-1

I'm using Azure Data Factory for copying required data from data lake to cosmos db.

On copying a sample size of 100, I see the run completed in ~5 min. On copying a sample size of 1 million, I see the run completed in ~1 hour.

The throughput I set for cosmos db container is ~2000 RU/s. I'm using only 1 container.

Based on this documentation: https://learn.microsoft.com/en-us/azure/cosmos-db/partitioning-overview#choose-partitionkey

I have set Partition Key as /PersonnelNumber (there are ~1 million unique PersonnelNumber values in the data). Could you please help me understand if this is a right partition key? Or is it causing the run to slow down?

These 2 points are confusing - Partition key should:

Be a property that has a value which does not change. If a property is your partition key, you can't update that property's value. Have a high cardinality. In other words, the property should have a wide range of possible values.
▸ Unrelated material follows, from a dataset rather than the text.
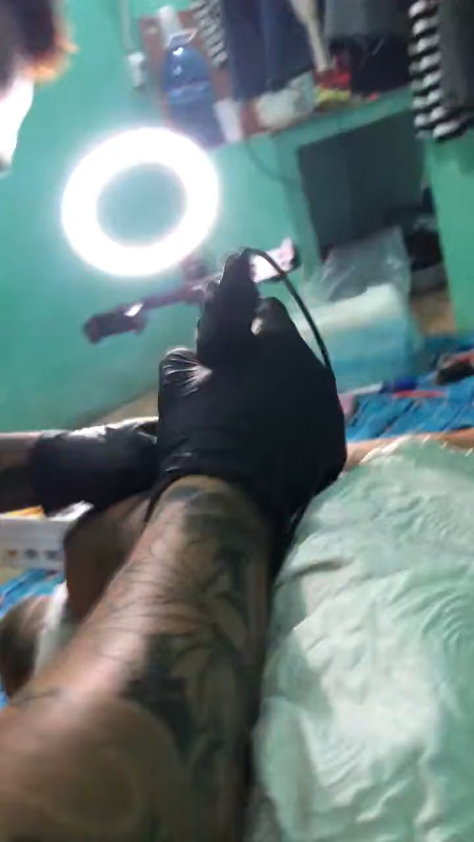Tukang tato kayak gini enak atau malah bikin menderita ya semua?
Thank you!

user989988
  • 3,006
  • 7
  • 44
  • 91

1 Answers1

2

There is no "PersonnelNumber" in the document. Instead, you have "Person.PersonnelNumber" field. So, Cosmos DB is unable to find "PersonnelNumber" in the document so it is populating the partition field of "PersonnelNumber" with an empty value.

change the field name from "Person.PersonnelNumber" to "PersonnelNumber" and then upload.

If every partition key has a unique value then its good for writes. In your case PersonnelNumber is a good partition key for write throughput because it has unique values. But, you will not be able to update the PersonnelNumber.

RCT
  • 1,044
  • 1
  • 5
  • 12